I don’t know about you… but I HATE it when AC units still blow air when the compressor shuts off once the desired temperature is reached. I only want the fan blowing air when the compressor is on, and no need to blow warm, moist air around the room when it’s not. So here is how to modify the AC unit to not do this.
This is a pic I got from the internet, but your AC unit should have similar layout. What you want to do is where it says 3 on the picture is the connector for the fan motor. IGNORE the big black box, that is the fan motor capacitor. Take that connector off and connect it where it says #2, or outdoor unit terminal block. When the controller senses higher temperature than setting, it energizes 2 and sends power to the compressor. But now it also sends power to the fan motor too.

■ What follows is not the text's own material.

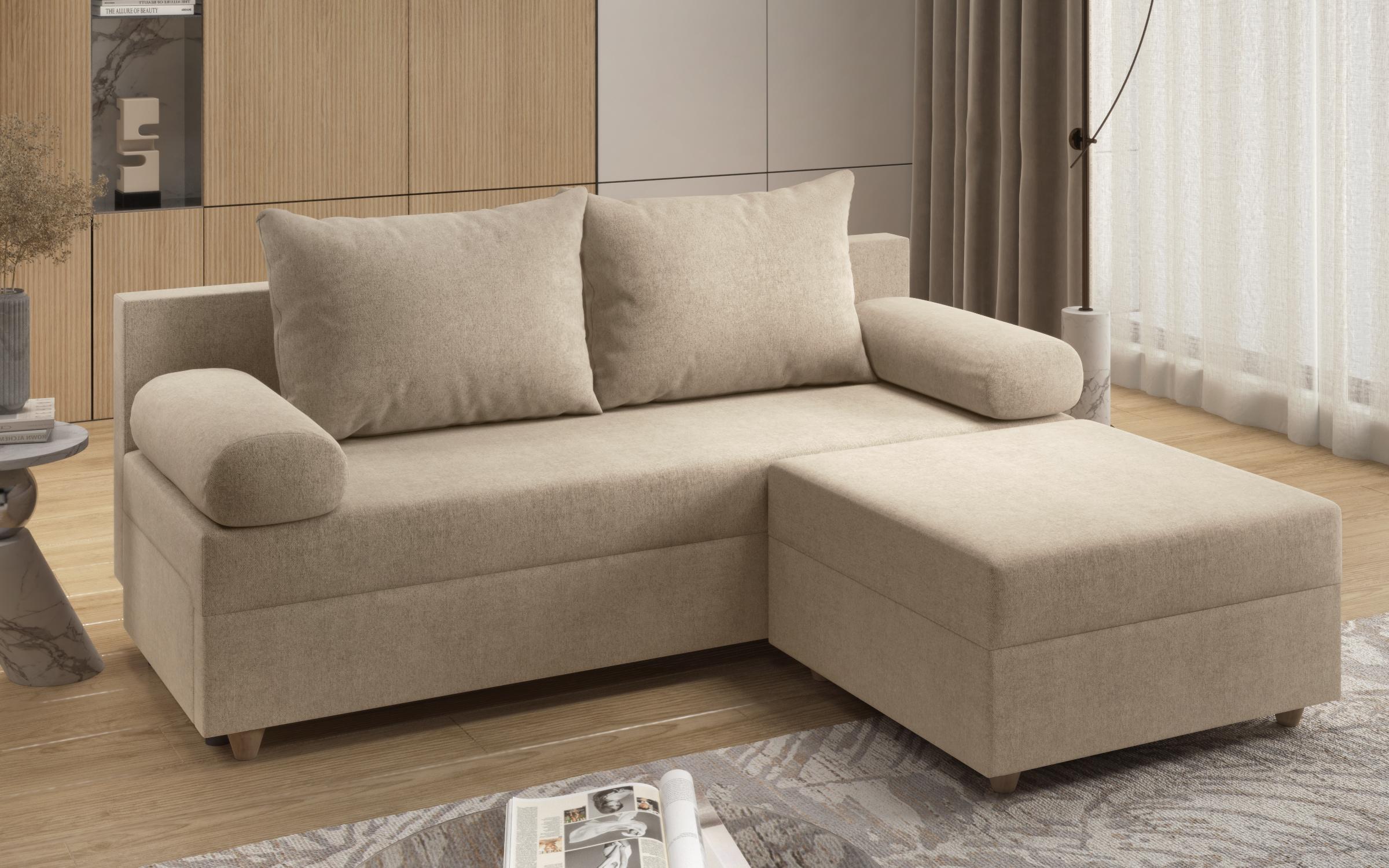 Canapea + taburet Vitaro, bej deschis  4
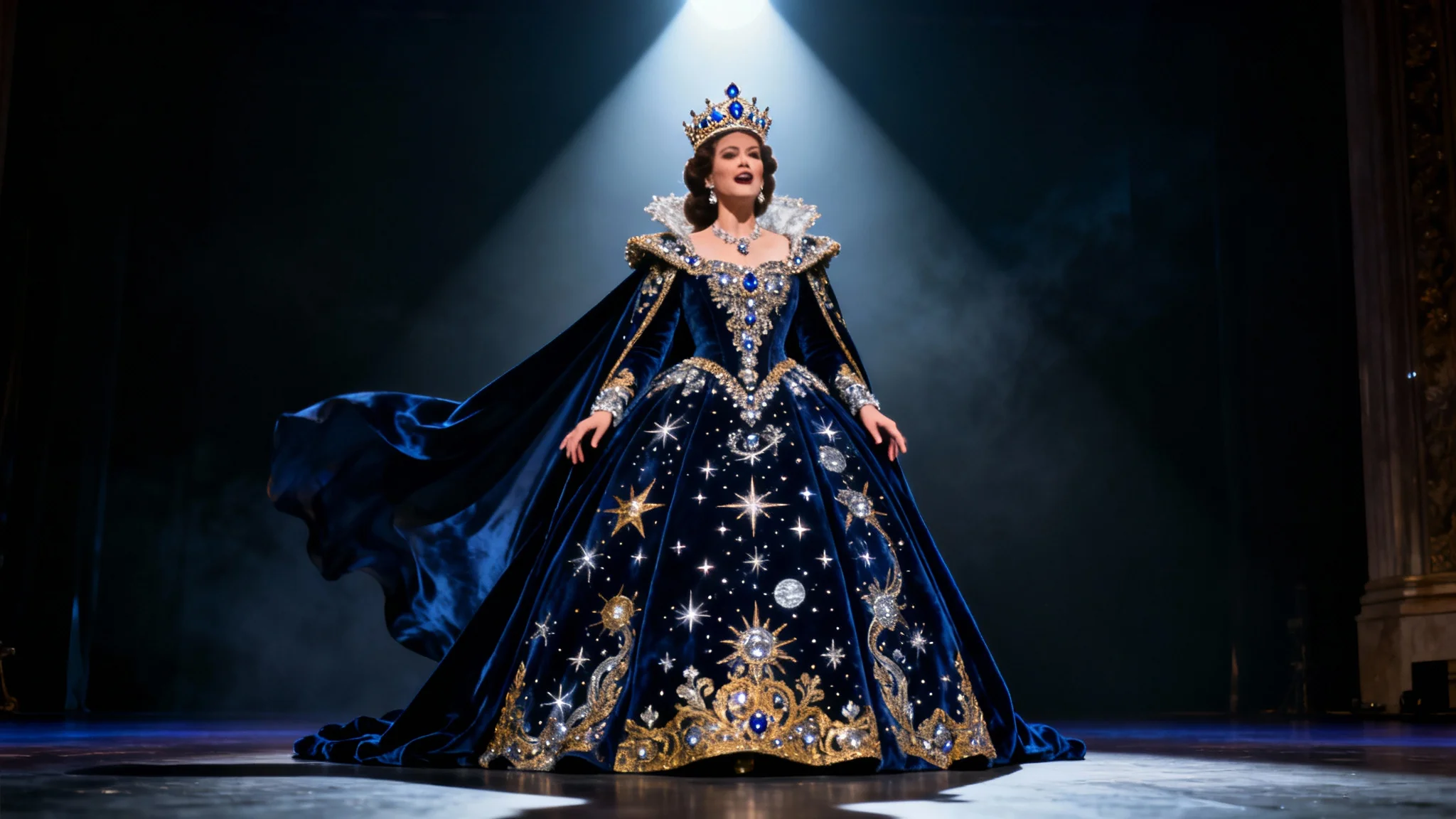A dramatic photo of an opera singer in a magnificent, dark blue and gold royal costume, standing under a spotlight on a grand opera stage.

So in an AC unit, whether window or split, there will be a control box in the indoor unit. This is what controls the AC unit and all that. There should be a slot on the board where the fan motor is connected to. What I did was, unplug that from the board and splice that cable to where the compressor relay is. So when the compressor runs, so does the fan. When the compressor does not run, neither does the fan.
One thing you will want to do is to take the thermocouple off of the AC indoor coil (it looks like a wire with a black blob at the end, usually attached to the indoor coil with a plastic retainer) and move them to outside of the indoor unit, anywhere not on the coil itself. You see the reason you want to do that is because as the fan keeps blowing air through the coil (with the compressor off) that thermocouple is reading the air temperature, and would turn the compressor on when temperature has risen above the setting. But now that air isn’t blowing through the coil with the compressor off, that thermocouple is going to be FREEZING COLD for quite some time, meaning your AC may never cycle on correctly (or only cycle on when your room has turned into a furnace). Moving this outside the unit means it samples the actual air temperature and not the temperature of the cooling coil.